Читаем Рассказы о чудесном полностью

В эту дырочку глядя, чудесным образом попадаешь мгновенно из Арктики на материк, в глубокое, солнечное пространство летнего дня, где пахнут густые травы, цветы, деревья и сияет жена радиста с тремя детьми дошкольного и младшего школьного возраста, а в воздухе — птички, стрекозы, бабочки, пчёлы, пьяные от кислорода и солнца, и ты со всеми здороваешься, и все тебя знают, и все тебя спрашивают: «Ну как там наш человек?!. В чём он ходит и как выглядит?»

А ты ведь тоже к ним не с пустыми руками, у тебя на ладони — другой целлулоидный шар с малюсенькой дырочкой, глядя в которую они попадают в глубокое пространство радиста, где он в данный миг пьёт кофе из кружки, откуда идёт вкусный пар. Кофе он пьёт в Арктике, одет в телогрейку, за окном — северное сияние и чайка вопящая, лают собаки, и всё это слышно.

В ту осень из-за погодных условий защемило льдами эскадру ледокольных судов в проливе Вилькицкого. И все силы, включая золотые мозги, были брошены на облёт и обзор катастрофической ситуации, чтобы льдами не раздавиться и правильно зимовать. Все самолёты ледовой разведки занимались только этим облётом и обзором, как я поняла из разговоров лётчиков и моряков. А я могла вернуться из Арктики на материк только самолётом ледовой разведки, поскольку в девятнадцать лет у нормальных людей не бывает таких гденег, чтоб купить билет на пассажирский самолёт из Арктики в Москву, где могли тогда запросто выселить меня из общежития, отнять стипендию и «отчислить» из-за неявки на лекции в институт.

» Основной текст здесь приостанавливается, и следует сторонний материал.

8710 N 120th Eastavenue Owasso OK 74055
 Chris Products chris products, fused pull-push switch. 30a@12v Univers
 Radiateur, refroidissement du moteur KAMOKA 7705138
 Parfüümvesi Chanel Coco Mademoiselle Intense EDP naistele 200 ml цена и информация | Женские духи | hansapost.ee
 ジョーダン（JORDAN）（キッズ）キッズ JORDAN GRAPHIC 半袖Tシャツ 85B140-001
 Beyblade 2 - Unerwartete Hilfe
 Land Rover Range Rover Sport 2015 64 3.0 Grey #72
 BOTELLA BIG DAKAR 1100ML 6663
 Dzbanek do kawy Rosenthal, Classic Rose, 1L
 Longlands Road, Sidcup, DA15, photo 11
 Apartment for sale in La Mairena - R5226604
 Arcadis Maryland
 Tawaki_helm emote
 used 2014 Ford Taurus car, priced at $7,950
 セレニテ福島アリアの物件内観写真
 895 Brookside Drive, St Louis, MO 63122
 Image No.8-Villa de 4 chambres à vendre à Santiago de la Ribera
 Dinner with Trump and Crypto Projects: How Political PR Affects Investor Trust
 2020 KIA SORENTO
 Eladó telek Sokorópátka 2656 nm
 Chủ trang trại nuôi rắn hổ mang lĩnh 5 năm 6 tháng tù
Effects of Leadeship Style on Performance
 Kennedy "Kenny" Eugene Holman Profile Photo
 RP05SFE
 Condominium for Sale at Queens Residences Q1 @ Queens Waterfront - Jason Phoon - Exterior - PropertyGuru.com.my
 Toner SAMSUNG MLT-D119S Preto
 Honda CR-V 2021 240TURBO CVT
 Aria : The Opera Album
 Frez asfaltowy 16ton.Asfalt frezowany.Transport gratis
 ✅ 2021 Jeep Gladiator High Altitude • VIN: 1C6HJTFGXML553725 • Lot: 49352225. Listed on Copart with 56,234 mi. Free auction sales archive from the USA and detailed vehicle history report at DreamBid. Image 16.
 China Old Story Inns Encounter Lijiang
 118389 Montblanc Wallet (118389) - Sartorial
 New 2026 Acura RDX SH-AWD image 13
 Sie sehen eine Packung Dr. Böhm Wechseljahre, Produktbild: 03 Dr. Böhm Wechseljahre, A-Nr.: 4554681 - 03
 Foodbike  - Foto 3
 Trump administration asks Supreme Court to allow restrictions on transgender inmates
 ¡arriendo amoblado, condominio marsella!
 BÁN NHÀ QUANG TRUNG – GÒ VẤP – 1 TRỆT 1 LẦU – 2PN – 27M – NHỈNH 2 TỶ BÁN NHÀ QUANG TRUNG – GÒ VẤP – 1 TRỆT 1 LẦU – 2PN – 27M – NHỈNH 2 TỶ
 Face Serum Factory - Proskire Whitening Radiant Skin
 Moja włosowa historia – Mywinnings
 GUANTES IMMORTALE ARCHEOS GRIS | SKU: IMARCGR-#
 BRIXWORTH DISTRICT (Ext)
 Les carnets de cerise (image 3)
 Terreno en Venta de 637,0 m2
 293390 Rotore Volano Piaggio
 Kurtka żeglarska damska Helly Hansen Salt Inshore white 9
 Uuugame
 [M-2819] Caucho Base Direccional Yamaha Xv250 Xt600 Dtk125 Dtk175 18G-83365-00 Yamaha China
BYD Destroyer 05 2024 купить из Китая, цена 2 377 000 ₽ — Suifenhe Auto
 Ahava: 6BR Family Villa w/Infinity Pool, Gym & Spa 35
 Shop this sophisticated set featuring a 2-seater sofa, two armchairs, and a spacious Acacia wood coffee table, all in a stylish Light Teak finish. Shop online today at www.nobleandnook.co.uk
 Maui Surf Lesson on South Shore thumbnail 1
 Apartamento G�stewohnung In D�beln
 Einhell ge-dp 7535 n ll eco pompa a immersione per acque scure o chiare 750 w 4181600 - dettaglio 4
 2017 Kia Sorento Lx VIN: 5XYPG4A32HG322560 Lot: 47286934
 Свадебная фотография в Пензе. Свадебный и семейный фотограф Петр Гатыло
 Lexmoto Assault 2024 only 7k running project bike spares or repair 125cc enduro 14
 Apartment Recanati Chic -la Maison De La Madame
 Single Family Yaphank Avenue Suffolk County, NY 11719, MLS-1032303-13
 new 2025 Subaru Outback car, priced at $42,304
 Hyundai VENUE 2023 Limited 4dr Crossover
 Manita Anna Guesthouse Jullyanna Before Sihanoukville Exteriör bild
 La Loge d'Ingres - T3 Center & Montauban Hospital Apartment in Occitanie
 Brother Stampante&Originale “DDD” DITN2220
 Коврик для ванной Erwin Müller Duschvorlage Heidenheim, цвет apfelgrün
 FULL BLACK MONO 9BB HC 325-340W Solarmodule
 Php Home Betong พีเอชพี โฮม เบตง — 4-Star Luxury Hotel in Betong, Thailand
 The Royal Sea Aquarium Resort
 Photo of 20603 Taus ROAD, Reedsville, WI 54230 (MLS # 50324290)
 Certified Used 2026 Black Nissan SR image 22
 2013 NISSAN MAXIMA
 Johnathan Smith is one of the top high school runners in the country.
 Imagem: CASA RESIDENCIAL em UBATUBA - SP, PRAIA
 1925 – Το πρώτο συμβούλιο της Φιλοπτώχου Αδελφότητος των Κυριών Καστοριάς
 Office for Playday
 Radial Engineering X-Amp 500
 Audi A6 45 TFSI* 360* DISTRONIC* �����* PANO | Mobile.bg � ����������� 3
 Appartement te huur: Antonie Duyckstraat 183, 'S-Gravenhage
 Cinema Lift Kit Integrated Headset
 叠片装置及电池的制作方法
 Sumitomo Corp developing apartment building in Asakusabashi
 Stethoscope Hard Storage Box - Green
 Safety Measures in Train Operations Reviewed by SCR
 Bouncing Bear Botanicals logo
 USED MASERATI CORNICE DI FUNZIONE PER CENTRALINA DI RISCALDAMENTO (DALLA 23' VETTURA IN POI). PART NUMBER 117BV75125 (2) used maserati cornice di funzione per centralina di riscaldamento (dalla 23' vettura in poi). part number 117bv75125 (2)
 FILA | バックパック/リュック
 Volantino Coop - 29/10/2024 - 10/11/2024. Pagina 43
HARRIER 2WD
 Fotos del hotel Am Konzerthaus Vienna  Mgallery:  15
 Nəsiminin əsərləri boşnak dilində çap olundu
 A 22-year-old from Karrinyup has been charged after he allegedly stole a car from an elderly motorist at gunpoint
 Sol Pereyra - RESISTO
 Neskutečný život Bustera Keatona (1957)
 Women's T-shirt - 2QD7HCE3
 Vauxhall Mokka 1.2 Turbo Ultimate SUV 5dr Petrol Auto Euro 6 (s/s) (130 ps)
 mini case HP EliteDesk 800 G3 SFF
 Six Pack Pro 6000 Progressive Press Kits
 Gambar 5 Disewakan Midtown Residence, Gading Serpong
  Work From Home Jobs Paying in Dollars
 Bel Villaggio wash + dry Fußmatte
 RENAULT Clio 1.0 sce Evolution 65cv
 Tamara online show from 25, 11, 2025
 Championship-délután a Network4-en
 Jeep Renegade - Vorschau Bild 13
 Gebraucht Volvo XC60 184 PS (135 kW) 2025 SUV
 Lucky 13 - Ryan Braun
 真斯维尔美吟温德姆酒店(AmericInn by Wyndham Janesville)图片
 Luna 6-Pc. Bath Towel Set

Радист всё такое прекрасно понимал, даже то, что меня выселят и отчислят не за это, так за другое, не сейчас, так потом. Но был он композитором, не забывайте, счастливых случайностей в самых катастрофических ситуациях. Услыхав на службе в просторах Арктики, что в четыре часа утра приземлится самолёт с министром Севморпути на борту и через сорок минут улетит в Москву, он прислал за мной допотопный, грохотальный грузовичок (никакого другого транспорта у радиста в ту ночь не было), чтобы рядом с тем самолетом и тем министром я оказалась по счастливой случайности, держа случайно в руках красивую очень бумагу, согласно которой меня должны были взять на борт непременно, поскольку бумага была министром этим подписана в солнечный майский день. И меня взяли на борт!..

А в кармане моём был целлулоидный шар, в котором радист в телогрейке пил кофе из кружки, откуда шёл вкусный пар, а за окнами чайки вопили и лаяли собаки.

Долгие годы из глуби этого шара давал мне радист такие замечательные советы в катастрофических ситуациях и дарил мне такие счастливые случайности, что я до сих пор жива.

С тех времён я держала в руках и заглядывала во множество шариков и шаров с малюсенькими дырочками в глубоко таинственное пространство, где прятались от посторонних глаз брошенные, но не разлюбленные жёны и дети, события, целые страны и города, гении и злодеи, замечательные картины, иконы, голоса, музыка, поэзия, учителя, сестры и братья милосердия, клоуны, акробаты, артисты…

В данный миг я сижу под елкой, где шары качаются от человеческого дыхания, от дверей, открывающихся и закрывающихся, от интонаций человеческой речи, походки, от снежного воздуха из распахнутой створки окна, от свистящего пара из чайника. В каждом шаре на ёлке есть малюсенькая тайная дырочка, глядя в которую чудесным образом я попадаю мгновенно туда, где все — живо, и все — сейчас, и все — глубоко личное, лично глубокое. Иногда в эти дырочки я кап-кап горькими или счастливыми слезами. У меня не бывает другой ёлки. А горькие слёзы — топливо космических расстояний, где таятся туннели, сквозь которые в одно мгновенье оказываешься в другой галактике и в другом времени, там встречаясь хоть с Пушкиным, хоть с Гомером и Данте, не говоря уж о близких родственниках. Порой этих встреч избегаю, прячусь от них, боюсь, трепещу. А порой мчусь туда, как на любовное свидание, даже каплей французских духов пользуюсь.